Dataset excerpts:

»»

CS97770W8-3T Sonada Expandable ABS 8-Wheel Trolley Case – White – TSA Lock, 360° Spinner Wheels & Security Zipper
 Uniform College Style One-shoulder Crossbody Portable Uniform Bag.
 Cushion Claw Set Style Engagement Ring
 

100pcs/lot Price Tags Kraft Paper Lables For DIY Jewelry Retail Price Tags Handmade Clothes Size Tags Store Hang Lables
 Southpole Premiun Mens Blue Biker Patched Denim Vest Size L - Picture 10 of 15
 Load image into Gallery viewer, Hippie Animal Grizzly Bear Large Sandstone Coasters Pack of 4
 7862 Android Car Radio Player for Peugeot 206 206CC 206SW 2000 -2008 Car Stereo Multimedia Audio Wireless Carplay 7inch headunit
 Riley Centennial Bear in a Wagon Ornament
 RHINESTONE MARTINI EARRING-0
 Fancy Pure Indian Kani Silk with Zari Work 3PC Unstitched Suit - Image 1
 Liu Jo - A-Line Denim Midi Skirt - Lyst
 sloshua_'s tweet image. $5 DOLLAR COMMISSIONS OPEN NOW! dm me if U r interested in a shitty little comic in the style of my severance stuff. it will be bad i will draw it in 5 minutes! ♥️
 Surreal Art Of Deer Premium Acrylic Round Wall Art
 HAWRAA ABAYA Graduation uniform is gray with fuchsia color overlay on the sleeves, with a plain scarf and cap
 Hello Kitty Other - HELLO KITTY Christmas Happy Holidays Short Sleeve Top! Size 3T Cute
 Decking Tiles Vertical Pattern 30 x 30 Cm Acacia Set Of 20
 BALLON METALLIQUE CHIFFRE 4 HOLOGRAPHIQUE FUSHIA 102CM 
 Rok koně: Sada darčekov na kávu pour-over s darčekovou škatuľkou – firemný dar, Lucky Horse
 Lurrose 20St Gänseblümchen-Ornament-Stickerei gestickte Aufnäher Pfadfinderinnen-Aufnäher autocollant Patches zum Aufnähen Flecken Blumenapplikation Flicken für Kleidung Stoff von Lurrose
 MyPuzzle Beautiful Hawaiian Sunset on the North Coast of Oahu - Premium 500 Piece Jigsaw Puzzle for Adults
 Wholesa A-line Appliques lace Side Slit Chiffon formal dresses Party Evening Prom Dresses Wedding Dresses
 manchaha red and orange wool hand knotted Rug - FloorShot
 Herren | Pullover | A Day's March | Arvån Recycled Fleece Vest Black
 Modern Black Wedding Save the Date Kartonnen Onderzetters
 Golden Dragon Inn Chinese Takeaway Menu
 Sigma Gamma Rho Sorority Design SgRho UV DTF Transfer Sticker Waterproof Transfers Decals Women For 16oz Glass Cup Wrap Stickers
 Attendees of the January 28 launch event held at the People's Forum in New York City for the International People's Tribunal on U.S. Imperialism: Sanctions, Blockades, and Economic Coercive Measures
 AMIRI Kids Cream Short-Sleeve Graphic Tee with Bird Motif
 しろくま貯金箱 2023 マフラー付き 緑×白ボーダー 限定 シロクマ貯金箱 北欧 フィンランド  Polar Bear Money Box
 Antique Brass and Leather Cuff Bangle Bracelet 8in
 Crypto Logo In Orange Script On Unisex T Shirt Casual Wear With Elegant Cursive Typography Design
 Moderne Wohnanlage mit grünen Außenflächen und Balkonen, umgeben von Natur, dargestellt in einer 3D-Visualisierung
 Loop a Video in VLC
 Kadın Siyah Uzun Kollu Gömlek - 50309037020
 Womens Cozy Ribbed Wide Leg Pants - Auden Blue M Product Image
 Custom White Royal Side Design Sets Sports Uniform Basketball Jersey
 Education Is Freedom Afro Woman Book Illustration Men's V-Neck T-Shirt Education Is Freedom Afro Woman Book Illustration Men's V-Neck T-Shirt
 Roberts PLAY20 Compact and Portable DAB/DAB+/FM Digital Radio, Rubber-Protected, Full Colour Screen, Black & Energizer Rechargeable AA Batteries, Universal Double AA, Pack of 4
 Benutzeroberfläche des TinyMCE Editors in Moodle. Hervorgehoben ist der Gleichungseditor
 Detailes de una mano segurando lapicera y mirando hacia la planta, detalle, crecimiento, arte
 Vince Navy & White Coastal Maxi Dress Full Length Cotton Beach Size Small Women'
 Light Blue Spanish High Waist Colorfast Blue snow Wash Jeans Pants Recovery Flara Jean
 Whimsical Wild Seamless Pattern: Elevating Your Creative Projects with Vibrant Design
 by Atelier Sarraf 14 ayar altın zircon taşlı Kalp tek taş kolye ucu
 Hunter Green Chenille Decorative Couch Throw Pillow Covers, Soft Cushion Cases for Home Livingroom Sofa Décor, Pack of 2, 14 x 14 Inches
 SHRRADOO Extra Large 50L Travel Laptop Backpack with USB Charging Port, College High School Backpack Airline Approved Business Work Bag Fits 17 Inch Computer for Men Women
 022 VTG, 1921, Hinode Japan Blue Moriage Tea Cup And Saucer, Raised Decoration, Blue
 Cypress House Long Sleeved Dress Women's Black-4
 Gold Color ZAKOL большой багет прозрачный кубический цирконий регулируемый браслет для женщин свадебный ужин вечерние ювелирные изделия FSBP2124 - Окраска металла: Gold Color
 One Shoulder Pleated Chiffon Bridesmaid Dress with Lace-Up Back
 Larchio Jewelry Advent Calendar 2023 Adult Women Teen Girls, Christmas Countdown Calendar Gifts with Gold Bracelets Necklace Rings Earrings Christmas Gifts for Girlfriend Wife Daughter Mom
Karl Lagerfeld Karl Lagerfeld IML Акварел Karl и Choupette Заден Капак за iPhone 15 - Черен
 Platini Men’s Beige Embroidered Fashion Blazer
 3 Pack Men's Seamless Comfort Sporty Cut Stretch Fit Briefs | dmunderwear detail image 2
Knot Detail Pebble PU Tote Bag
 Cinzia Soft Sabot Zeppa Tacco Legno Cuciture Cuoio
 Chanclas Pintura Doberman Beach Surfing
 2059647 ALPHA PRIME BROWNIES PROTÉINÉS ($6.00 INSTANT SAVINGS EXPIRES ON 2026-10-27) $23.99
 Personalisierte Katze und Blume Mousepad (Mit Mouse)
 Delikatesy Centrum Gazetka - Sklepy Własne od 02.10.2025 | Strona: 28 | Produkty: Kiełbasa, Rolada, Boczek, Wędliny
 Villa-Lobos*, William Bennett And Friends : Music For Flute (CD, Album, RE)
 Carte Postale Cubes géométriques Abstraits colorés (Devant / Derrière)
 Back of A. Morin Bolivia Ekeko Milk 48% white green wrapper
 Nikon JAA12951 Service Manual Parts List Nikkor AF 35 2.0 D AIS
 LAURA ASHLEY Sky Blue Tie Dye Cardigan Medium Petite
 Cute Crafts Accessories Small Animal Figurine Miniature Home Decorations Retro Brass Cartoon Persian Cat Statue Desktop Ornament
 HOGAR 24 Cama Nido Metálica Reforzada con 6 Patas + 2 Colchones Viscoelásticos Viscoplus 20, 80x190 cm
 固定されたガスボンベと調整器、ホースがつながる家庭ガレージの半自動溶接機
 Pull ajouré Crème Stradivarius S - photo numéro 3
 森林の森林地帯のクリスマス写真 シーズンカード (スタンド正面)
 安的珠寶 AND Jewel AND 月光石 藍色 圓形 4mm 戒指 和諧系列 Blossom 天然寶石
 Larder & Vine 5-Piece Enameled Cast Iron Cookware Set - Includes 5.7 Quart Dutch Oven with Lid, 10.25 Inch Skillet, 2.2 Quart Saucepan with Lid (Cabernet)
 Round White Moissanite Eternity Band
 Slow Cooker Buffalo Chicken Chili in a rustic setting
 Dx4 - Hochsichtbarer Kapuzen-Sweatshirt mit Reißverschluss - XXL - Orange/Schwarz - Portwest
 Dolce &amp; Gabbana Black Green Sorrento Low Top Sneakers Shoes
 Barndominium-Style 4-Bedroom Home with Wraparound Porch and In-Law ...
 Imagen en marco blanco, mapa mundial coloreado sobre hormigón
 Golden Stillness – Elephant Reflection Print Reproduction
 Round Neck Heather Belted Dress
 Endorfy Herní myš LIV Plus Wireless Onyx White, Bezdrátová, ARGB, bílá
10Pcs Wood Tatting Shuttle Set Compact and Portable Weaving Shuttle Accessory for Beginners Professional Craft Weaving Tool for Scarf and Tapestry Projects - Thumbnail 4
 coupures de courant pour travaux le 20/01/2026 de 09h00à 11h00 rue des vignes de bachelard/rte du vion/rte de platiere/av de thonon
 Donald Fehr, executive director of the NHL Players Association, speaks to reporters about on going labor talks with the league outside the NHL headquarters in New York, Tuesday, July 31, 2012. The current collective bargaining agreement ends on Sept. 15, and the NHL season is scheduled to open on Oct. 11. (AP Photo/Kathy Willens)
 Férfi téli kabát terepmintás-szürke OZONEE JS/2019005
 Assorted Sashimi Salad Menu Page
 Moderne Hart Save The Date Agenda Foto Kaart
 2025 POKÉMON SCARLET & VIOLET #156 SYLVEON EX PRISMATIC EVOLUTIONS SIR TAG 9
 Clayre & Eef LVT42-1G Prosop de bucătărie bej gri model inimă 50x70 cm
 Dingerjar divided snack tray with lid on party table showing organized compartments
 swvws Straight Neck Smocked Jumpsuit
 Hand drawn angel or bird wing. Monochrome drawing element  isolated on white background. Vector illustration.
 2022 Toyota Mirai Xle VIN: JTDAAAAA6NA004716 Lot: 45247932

««

Task prompt: For this exercise, please output exactly the lines above starting at the line with "Cinzia Soft Sabot" and ending at the line with "Carte Postale Cubes", ends included.

Exercise answer:
 Cinzia Soft Sabot Zeppa Tacco Legno Cuciture Cuoio
 Chanclas Pintura Doberman Beach Surfing
 2059647 ALPHA PRIME BROWNIES PROTÉINÉS ($6.00 INSTANT SAVINGS EXPIRES ON 2026-10-27) $23.99
 Personalisierte Katze und Blume Mousepad (Mit Mouse)
 Delikatesy Centrum Gazetka - Sklepy Własne od 02.10.2025 | Strona: 28 | Produkty: Kiełbasa, Rolada, Boczek, Wędliny
 Villa-Lobos*, William Bennett And Friends : Music For Flute (CD, Album, RE)
 Carte Postale Cubes géométriques Abstraits colorés (Devant / Derrière)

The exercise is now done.